In the year ending March 2022, there were 155,814 hate crimes recorded by the police in England and Wales. This is a 26% increase compared with the previous year.
As part of National Hate Crime Awareness Week, Resident Board Member for Orbit Tonia Mihill shares her experiences and thoughts on how we can all make communities safer for everyone.
Back in the day
I grew up as a lone mixed heritage child in my white family. It was the sixties and seventies, and I was regularly subjected to hateful verbal racist abuse. At the time I had no language to describe or express this and it seems to me looking back that neither did anyone else I knew. At school, I remember two older boys who were in the habit of making racist remarks as I walked past them in the corridor. There were no Equalities laws, no anti-bullying initiatives. I was on my own.
If those boys had abused me just the once that would now be considered a hate incident. The regular abuse I suffered would constitute a hate crime.

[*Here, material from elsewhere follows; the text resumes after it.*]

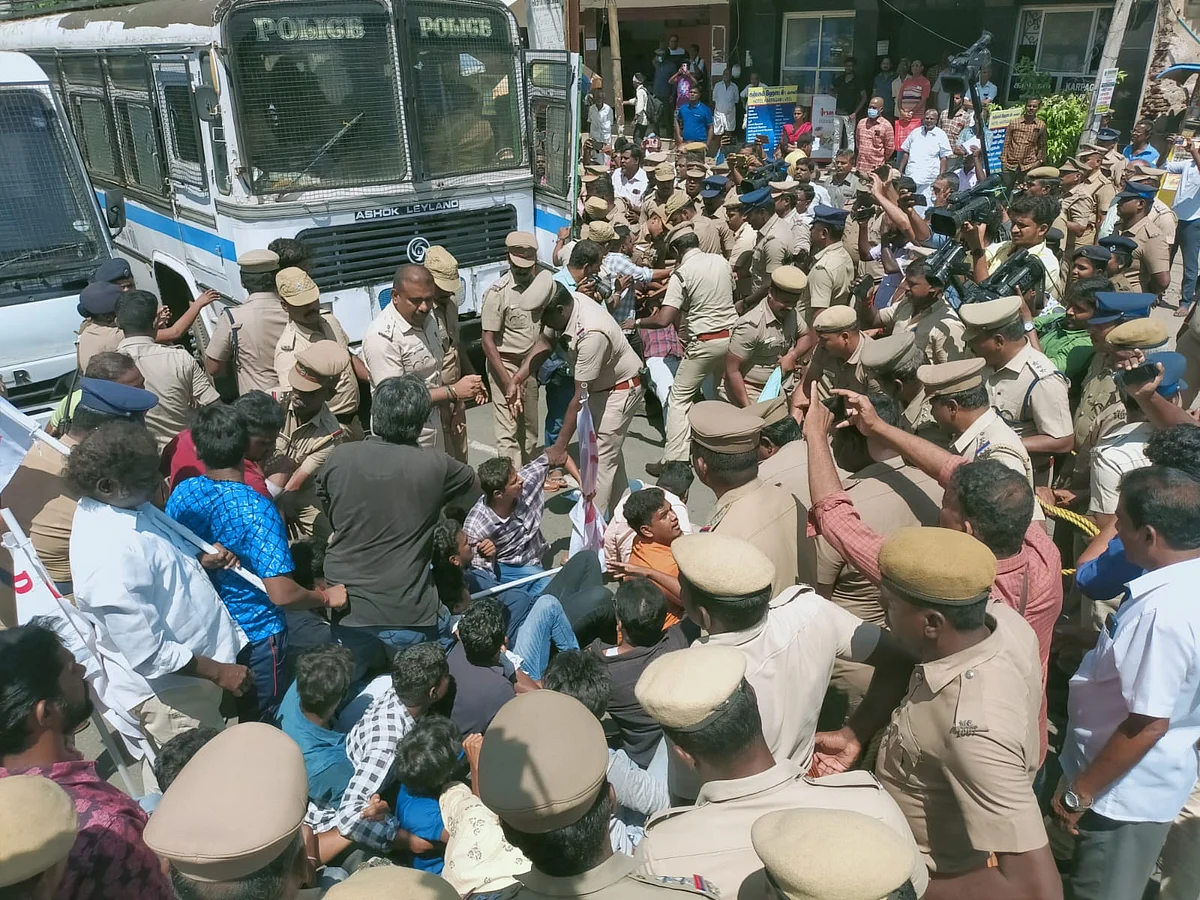 மதுரை ரயில் நிலையத்துக்கு படையெடுத்த இளைஞர்கள்... காவல்துறையுடன் தள்ளுமுள்ளு: களேபரமான `அக்னிபத்' போராட்டம்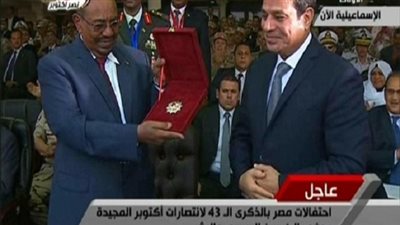 السيسي يمنح الرئيس السوداني وسام نجمة الشرف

We lived in a housing association property. I had a safe space to do my homework, read, educate myself about racism to understand what was happening to me and learn about Black history and culture. I achieved the grades that allowed me to head for university in London. Inevitably the trauma journeyed with me too, but I am one of the lucky ones… I survived and had enough positives to allow me to thrive. Not everyone does, and disproportionate rates of mental ill-health, including suicide, persist in all communities that are abused simply for being who they are.
Fast Forward
I moved into my Orbit flat in 2006 and on rare occasions have encountered unpleasant behaviour from neighbours. I cannot be sure whether race has been a factor in these interactions, but I have always felt reassured by the knowledge that if I did experience abuse, I have a landlord that has my back. Orbit has a commitment to building communities and policies and practices to combat the forces that act against that – poverty as well as discrimination and hate crime.
Since 2017, I have been a Resident Board Member with Orbit, and this has included being a part of the Equality, Diversity and Inclusion Strategic Forum. There’s lots to do and progress can feel slow, however I have been impressed by the team’s commitment to the long haul and to identifying what to do now, which brings us to Hate Crime Awareness Week – a national week encouraging action to tackle hate crime. The awful truth is that hate crimes of all kinds have been increasing across the UK in recent years, so this is an urgent task. In contrast to my childhood there is now legislation that make all forms of discrimination illegal, a criminal offence, but to make this count requires each of us.
Don’t let anyone ever tell you that nothing changes
African American activist, academic and author, Angela Y Davis is an inspirational figure to me. She grew up in the segregated South of the forties and fifties in an area of Birmingham, Alabama, known at that time as Dynamite Hill because of the frequent bomb attacks on black people by the Ku Klux Klan. Angela has said: “I am no longer accepting the things I cannot change. I am changing the things I cannot accept.”
Surely, hate crime must be one of those things we cannot accept. No child should grow up and no adult live beset by hate. Birmingham, Alabama in 2022 has a black mayor, Randall Woodfin, who is continuing the struggle for racial justice and healing, and is a crucial voice for LGBT+ equality too.
Choose Love
We all have power. We know that a smile or kind word from a stranger can transform a day. Reporting a hate incident can build a picture of what is happening in an area, reporting a hate crime can put an end to the isolation and fear and violence that blights lives. Both can help make a neighbourhood safer for everyone. In the context of hate, speaking up and seeking and offering support are choices that take courage (a word derived from the Latin for heart – ‘cor’). Sometimes this can be a lonely moment but as an Orbit customer you can be sure that you have a team on your side, to stand with you, and for me that makes a world of difference.